As Mr. Hinderaker points out later in his post, the Times did bring itself to speak recently about President Obama's budget. But before I give you the quote, I would ask that you do your homework in the graphs above. The picture I want to show you can be most easily seen in the second graph, which cumulates the yearly deficits for each President in a stacked bar. Thus President Obama's planned deficit for the first fiscal year in which he will be totally in control, the one beginning this next October 1, 2009, is the never-before-even-approached number of $1.752 trillion. It appears as the large orange slice at the top of Obama's bar. 

Now look at the bottom slice of Bush's bar (the bottom-most green one). That is the deficit he projected for the last fiscal year that he controlled (remember, we are talking about budgets, not actualities; President Bush gave the budget for the fiscal year beginning October 1, 2008 to Congress the previous January). It represents the huge sum (at that time, mind you) of $459 billion, as President Obama acknowledges in the first column of his summary Table S-1.

With that little bit of homework out of the way, you are ready now for what the Times wrote on its editorial page this last Friday (I have added the bold to the lie, because it is a bold lie):
President Obama’s first budget recognizes what most of Washington has been too scared or ideologically blind to admit: to recover from George W. Bush’s reckless economic policies, taxes must go up. Mr. Obama’s blueprint, released on Thursday, commits to cutting by more than two-thirds, by 2013, the $1.75 trillion budget deficit that Mr. Bush dumped on the nation.
Excuse me, Gray Lady? The $1.75 trillion budget deficit that who "dumped" on the nation---for the fiscal year beginning October 1, 2009?
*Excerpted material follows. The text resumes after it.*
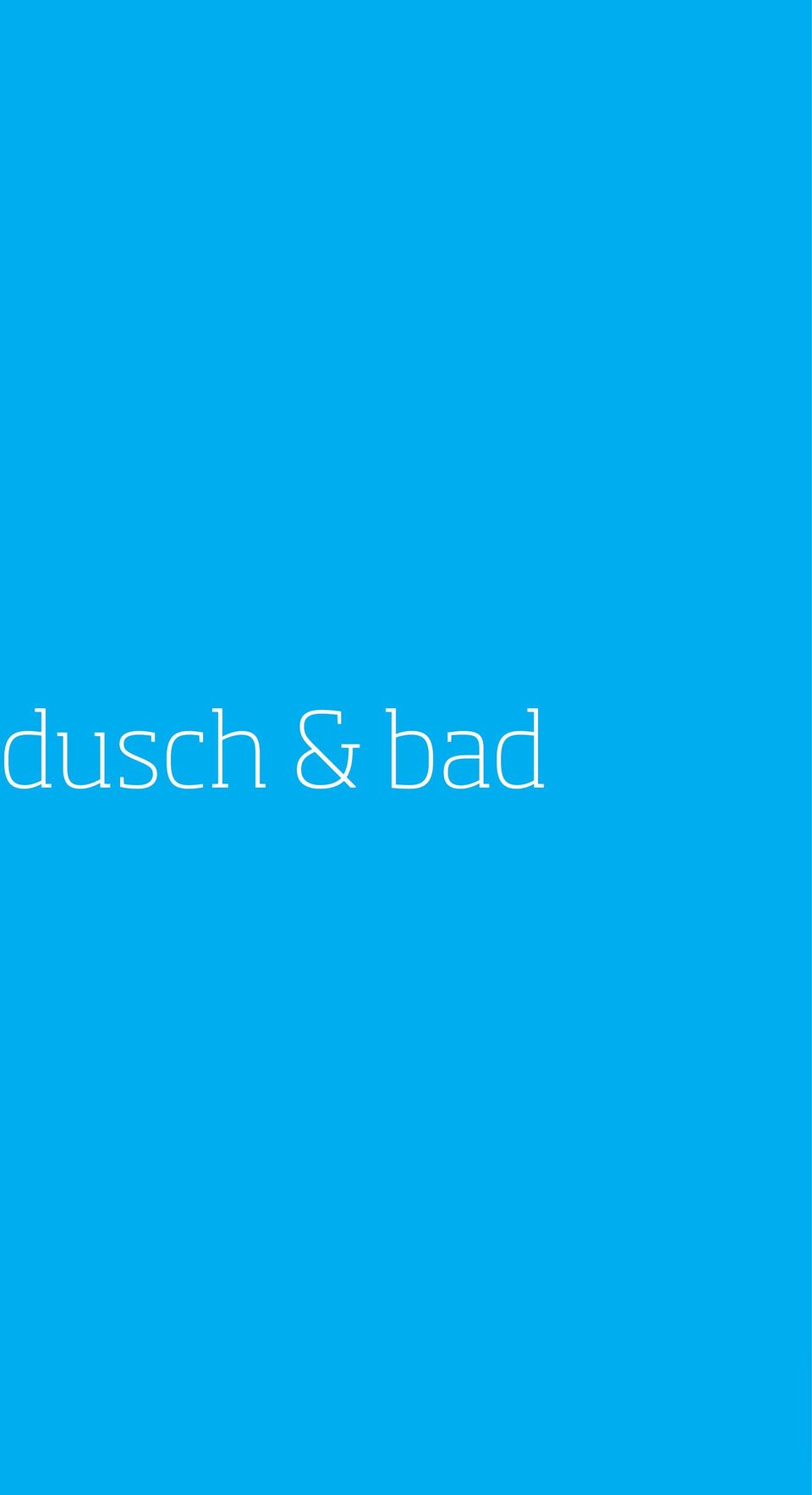 dusch &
The Times editorial board gets a quintuple "FFFFF" for that howler---not just for failing abysmally to report the truth, but for falsehood, fantasy and flippant farrago, to say nothing of folderol and flim-flam along the way.

You can read the rest of the editorial, if you want to have some fun laughing and catching your breath at the Times's expense. Here are a few more belly-slapping pot-boilers by the editorial board:
A credible pledge to reduce the deficit is imperative.
 
"Credible", you say? There's certainly nothing to take credence in about a budget projection that shows an ever-widening gap between revenues and spending out to 2019. But then, I forget---this is none other than the New York Times talking about "credibility." Just as it gave credence to the Tawana Brawley affair.
Without it, foreign lenders — who financed the Bush-era deficits and are now paying for the stimulus and bailouts — could lose faith in the nation’s ability or willingness to repay in anything other than rapidly depreciating dollars. That would send interest rates up and the economy down, the worst-case scenario. . . .

My, my. If the foreign lenders were spooked by deficits totalling a little over $1.8 trillion in the eight years under President Bush, what do you imagine they will say about the $8.7 trillion in deficits projected by President Obama? "President Obama? He's a Democrat. Oh, well, that's all right, then."
The collapse of the Bush-era economy is ample and awful evidence of the folly of unconstrained debt-fueled growth. The Obama administration has acknowledged the need for deficit spending to stimulate the economy but has vowed that unpaid-for government will not become the norm. Judging from the blueprint, Mr. Obama is not just talking the talk.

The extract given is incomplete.